I have an aversion to such things, as many of you know by now. Sometimes, short cuts make sense. But for me, if I’m going to the trouble to make a delicious pizza from scratch, then you better believe I’m making my own marinara.
I keep canned San Marzano tomatoes on hand at all times. You should never buy crushed or diced canned tomatoes, because those have added preservatives to help them keep their shape. And those added preservatives change the way the tomatoes taste and cook. Instead, you want to buy the whole tomatoes, and then crush them with your hands.
San Marzano tomatoes are a bit more expensive than the regular ones, but well worth it. They’re sweeter and have better flavor. I also like the Muir Glen Organic brand of peeled whole tomatoes, which are usually cheaper.
It’s important to taste the sauce as you go, adding more sugar or salt if necessary. You can never predict how naturally sweet your tomatoes will be – some will be more bitter, and will need more sugar. Keep adding little by little until the taste is right. You can also add a bit of crushed red pepper if you like a kick to your sauce.
Classic Marinara Sauce
Adapted from Food & Wine
- 1/4 cup extra-virgin olive oil
- 3 garlic cloves, peeled and lightly smashed
- 1 tablespoon tomato paste
- One 28-ounce can whole peeled Italian tomatoes with their juices, crushed by hand
- Generous pinch of sugar
- Fresh basil leaves
- Kosher salt and freshly ground pepper
In a large saucepan, heat the oil.
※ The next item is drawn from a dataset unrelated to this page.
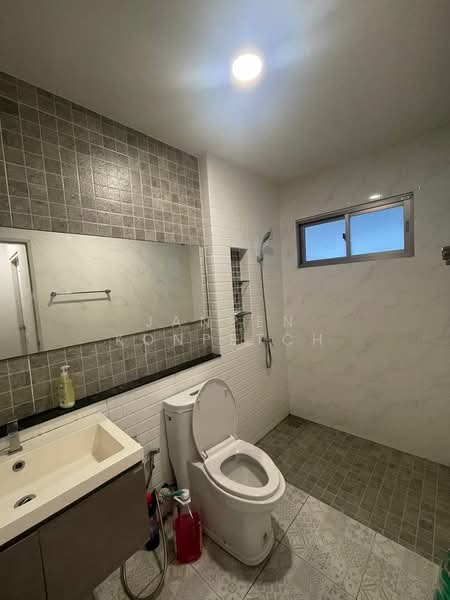 The wather fornt หน้าอ่างเก็บน้ำหนองค้อ, Chon Buri (Pattaya), Nong - Kham, Si Racha, Chon Buri (Pattaya), 4 Bedrooms, 320 sqm, Single Detached House For Sale, by Janpen Konpetch, 500248275 - DDproperty.com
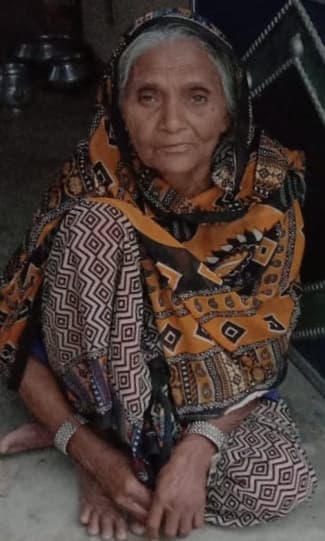 झारखंड में ‘मृत’ महिला रजीबुल निशा ने दी आत्महत्या की धमकी, पेंशन नहीं मिलने से है नाराज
Add the garlic and cook over moderate heat, stirring occasionally, until golden, about 5 minutes. Add the tomato paste and cook, stirring, for 1 minute. Add the canned tomatoes with their juices. Stir in the sugar and basil, season with salt and pepper and bring to a boil. Simmer the sauce over low heat, stirring occasionally, until it thickens and is reduced to about 2 1/2 cups, about 30 minutes. Season again with salt and pepper. Discard the basil sprigs and garlic.
Makes about 2 1/2 cups.
The sauce can be refrigerated for up to 3 days.